By Pedja Obradovic
Serbia’s minister of defence, Dragan Sutanovac, has dismissed that Serbian planes were part of military forces alleged to have bombed protesters in Libya.
Asked in parliament on Tuesday whether “Serbian airplanes are involved in the bombing of Tripoli, Sutanovac replied that the reports were “total stupidity, and there are no Serbian airplanes” in Libya, Belgrade’s B92 reported.
Speaking on BBC’s flagship 1pm news show on Tuesday, “World At One” African expert Francis Ghiles, from the Barcelona Centre for International Affairs, told BBC anchor Martha Kearney that the Libyan dictator had a history of using foreign mercenaries against his own people as he did not trust his own military.
Muammar Gaddafi had used both Algerian pilots and Serbs loaned by Slobodan Milosevic’s regime in the 1990s to bomb rebel positions, and may well have done the same this time round, Ghiles said.

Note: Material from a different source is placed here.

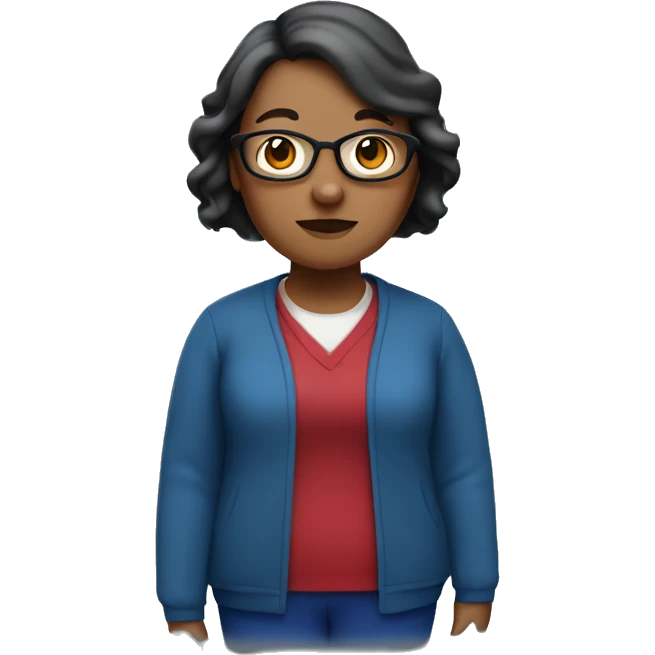Fat, short ELA teacher with a dark red bob and a blue cardigain emoji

People should not “forget that there many Serbs in Tripoli and that they are certainly very loyal to Gaddafi”, Ghiles said.
In Belgrade, no one from Serbia’s defence ministry was available for official comment on the claim. Military sources told Balkan Insight, that they have no knowledge of any Serbian military presence in Libya.
Military expert Aleksandar Radic said: “I know no one who went there and stayed there”.
Radic said it was well known that the Yugoslav Peoples Army, JNA, provided a training programme for the Libyan Air Force in the Seventies but this ended in the mid-1980s.